Día de los Muertos is the perfect time of year for Mexican hot chocolate. This recipe is a twist on the classic plain chocolate caliente; it’s spiced with chile guajillo, which lends a mildly spicy flavor and an earthy and fruity bouquet to this traditional beverage.
The difference between regular chocolate used for making hot chocolate and Mexican chocolate is that the Mexican chocolate discs have sugar granules inside the disc, giving it a rough texture before it melts. You can get a close up look at what the inside of a Mexican chocolate disc looks like in my recipe for champurrado, which is a chocolate atole. If you’re not familiar with atoles, they differ from hot chocolate because they are thickened with corn masa, while hot chocolate is typically made with milk or water.
RELATED RECIPE: Atole de calabaza
This version uses whole milk for a thick and rich chocolate caliente; you can substitute 2%, 1% or skim milk if you’d like a version that is a little less rich and to cut calories.
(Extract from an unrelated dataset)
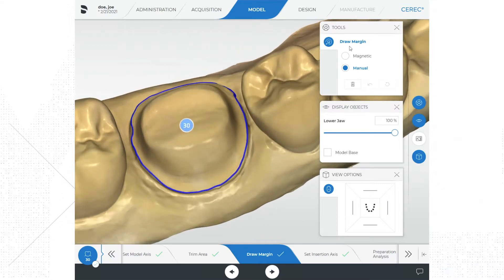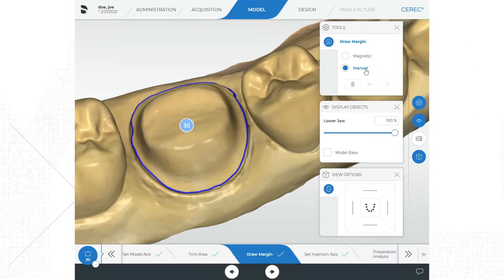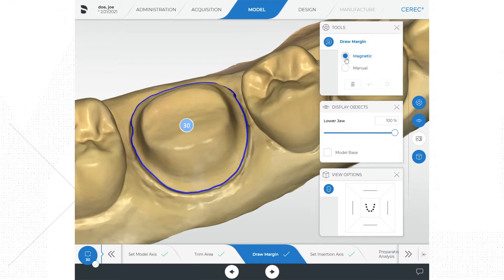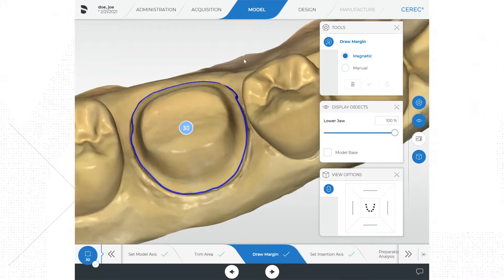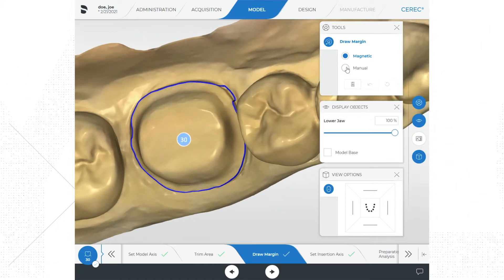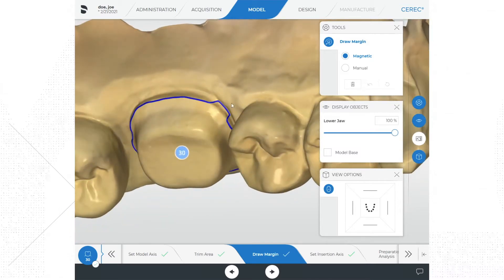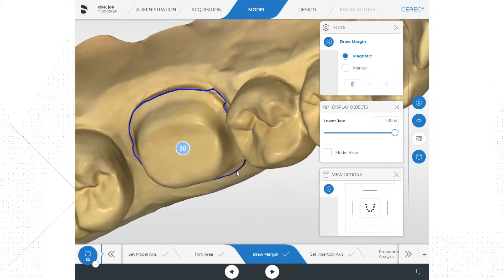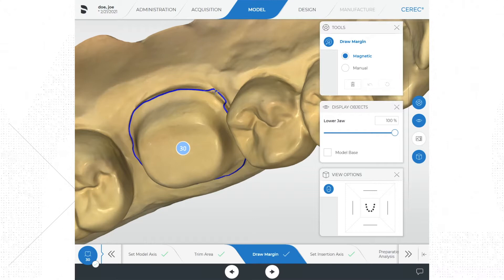On the right side of the screen you will see a menu that says tools. Within this menu you have two options for drawing the margin: auto, which is listed as magnetic, and a manual option. The system defaults to auto and that is the option I choose 100% of the time. However, you can turn this off in the system parameters if you prefer to always manually draw your margins. Since the margin is already drawn with this version of the software, I'm going to check it and see if there are any adjustments that need to be made. In this case we do need to make some adjustments.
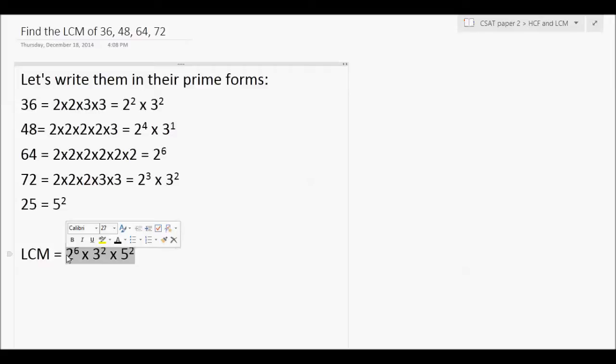In CSAT, we are never asked to find LCM or HCF directly, but we are asked to use them in various applications. There are questions which need us to find either LCM or HCF — we will see those in another video. I hope you enjoyed this video. If you have any doubts, you can email me or call me. Till our next video, I hope you are preparing well for your exam. I wish you all the best and good luck. Thank you.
RELATED RECIPE: Atole de vainilla
Guajillo chiles lend an earthy, fruity bouquet and a spicy twist on a classic Mexican hot chocolate recipe.
- 2 cups whole milk
- 1 chile guajillo, stem and seeds removed
- 1 Mexican cinnamon stick
- 1 3-ounce disc of Mexican chocolate (I like Nestle's Abuelita, Ibarra or Taza Chocolate Mexicano)
- In a saucepan, add 2 cups whole milk, 1 chile guajillo and 1 Mexican cinnamon stick. Stir to submerge the chile and the cinnamon stick. Warm over medium-low heat for about 10 minutes, stirring frequently.
- Chop the chocolate disc into very small pieces. Add to the saucepan and stir with a whisk or molinillo to incorporate the chocolate.
- Continue heating for another 5 minutes, stirring frequently.
- Pour into a heat-safe pitcher and serve or ladle into small mugs.
This recipe includes affiliate links to my Amazon aStore, El Mercadito, for the brands of chocolate recommended.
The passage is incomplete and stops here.